US 12,086,098 B2
File tiering to different storage classes of a cloud storage provider
Rabi Shankar Shaw, Bangalore (IN); Anurag Bhatnagar, Bangalore (IN); Joyanto Biswas, Bangalore (IN); and Akshay Jagirdar, Bengaluru (IN)
Assigned to EMC IP Holding Company LLC, Hopkinton, MA (US)
Filed by EMC IP Holding Company LLC, Hopkinton, MA (US)
Filed on Aug. 18, 2021, as Appl. No. 17/405,707.
Prior Publication US 2023/0058908 A1, Feb. 23, 2023
Int. Cl. G06F 15/16 (2006.01); G06F 16/11 (2019.01); G06F 16/16 (2019.01); G06F 16/17 (2019.01); G06F 16/182 (2019.01)

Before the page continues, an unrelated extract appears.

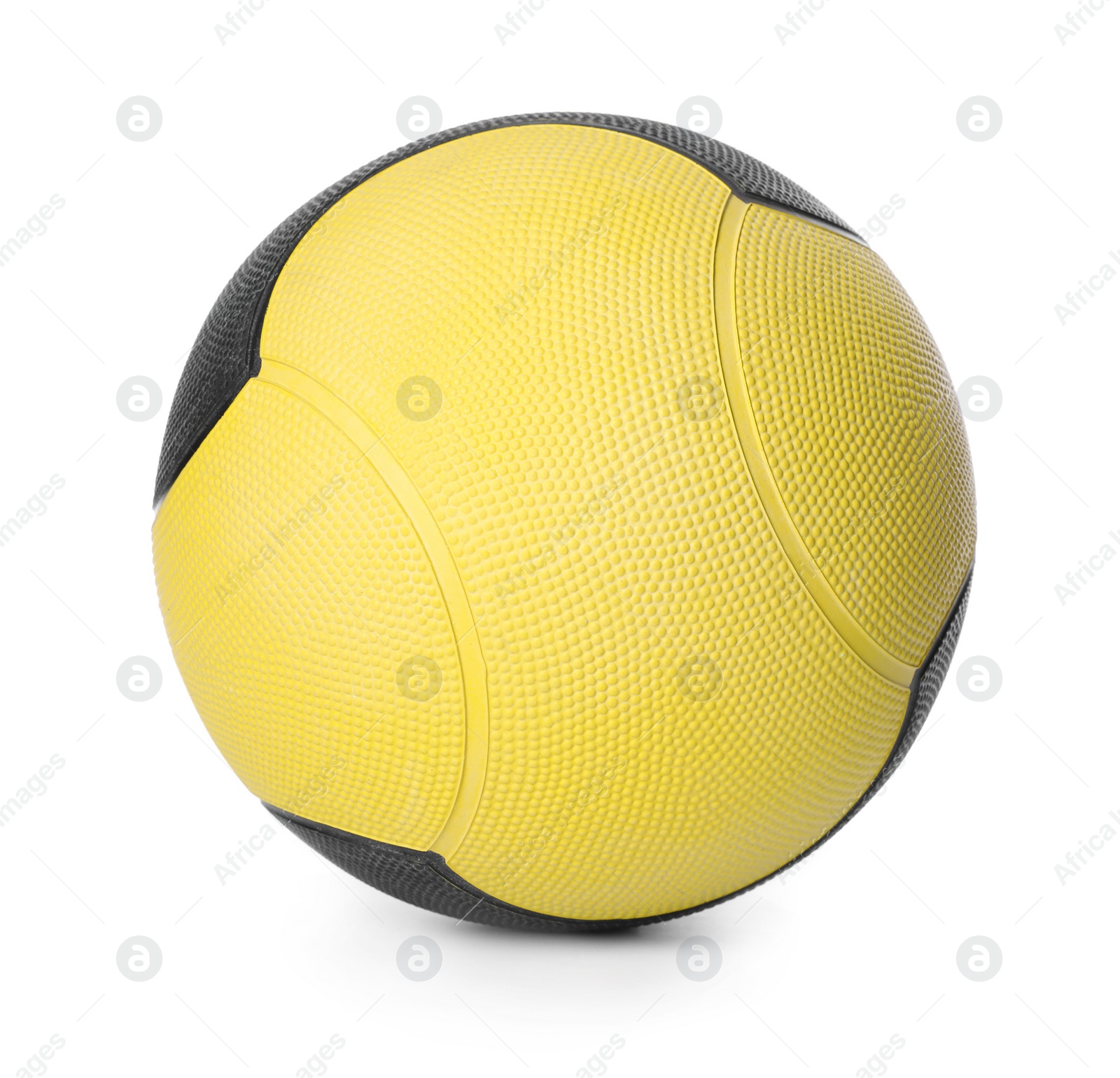 Photo of Yellow and black medicine ball isolated on white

CPC G06F 16/113 (2019.01) [G06F 16/119 (2019.01); G06F 16/164 (2019.01); G06F 16/1734 (2019.01); G06F 16/1827 (2019.01)] 20 Claims
OG exemplary drawing
 
1. An apparatus comprising:
at least one processing platform comprising a plurality of processing devices each comprising a processor coupled to a memory;
said at least one processing platform being configured:
to receive an input specifying one or more rules for archiving a plurality of files from a source storage location to a target storage location, wherein the target storage location comprises a cloud storage platform comprising a plurality of storage classes representing respective storage levels in the cloud storage platform;
wherein the plurality of storage classes comprise at least: (i) a first storage class corresponding to a first file retrieval speed and a first cost per data unit; and (ii) a second storage class corresponding to a second file retrieval speed greater than the first file retrieval speed and a second cost per data unit greater than the first cost per data unit;
to retrieve one or more of the plurality of files from the source storage location for migration to the target storage location based at least in part on the one or more rules, wherein the one or more rules include a first criteria specifying a first last file access time threshold for identifying which of the plurality of files to retrieve from the source storage location; and
to control assignment of the one or more of the plurality of files to respective ones of the plurality of storage classes based at least in part on the one or more rules;
wherein the one or more rules specify one or more constraints for the assignment of the one or more of the plurality of the files to the respective ones of the plurality of storage classes, the one or more constraints comprising at least a second criteria for determining respective subsets of the one or more of the plurality of files to assign to the respective ones of the plurality of storage classes, the second criteria specifying: (i) a second last file access time threshold; and (ii) one or more attribute changes to one or more i-node fields of the one or more of the plurality of files, the one or more attribute changes comprising a file ownership change and a link count change for the one or more of the plurality of files;
wherein, in controlling the assignment of the one or more of the plurality of files to the respective ones of the plurality of storage classes, said at least one processing platform is configured:
to determine whether a given file of the one or more of the plurality of files has a last file access time greater than the second last file access time threshold and includes the one or more attribute changes; and
to write one of: (i) a first object corresponding to the given file in the first storage class on the cloud storage platform if the last file access time of the given file is determined to be greater than the second last file access time threshold, the given file is determined to include the one or more attribute changes and the given file belongs to a first one of the respective subsets; and (ii) a second object corresponding to the given file in the second storage class on the cloud storage platform if the last file access time of the given file is determined to be less than the second last file access time threshold, the given file is determined to include the one or more attribute changes and the given file belongs to a second one of the respective subsets; and
wherein said at least one processing platform is further configured:
to display progress of the assignment of the one or more of the plurality of files to the respective ones of the plurality of storage classes, wherein the display of the progress of the assignment comprises: (i) details of progress of retrieval of at least one timestamp associated with the last file access time of the given file; (ii) an indication of a temporal relationship between the last file access time of the given file and a time for execution of the archiving; and (iii) details of whether the given file was tiered to one of the first storage class and the second storage class; and
to generate an interface for a user to define the one or more rules, wherein the interface comprises a plurality of editable fields for the user to input task parameters comprising: (i) a path for the source storage location; (ii) a path for the target storage location; (iii) the one or more constraints; and (iv) one or more protocols to use for reading the plurality of files and for generating a plurality of stub files;
wherein at least one configuration file is implemented in the at least one processing platform and is accessible by a job scheduler via an application programming interface to control a mode of operation of the at least one processing platform.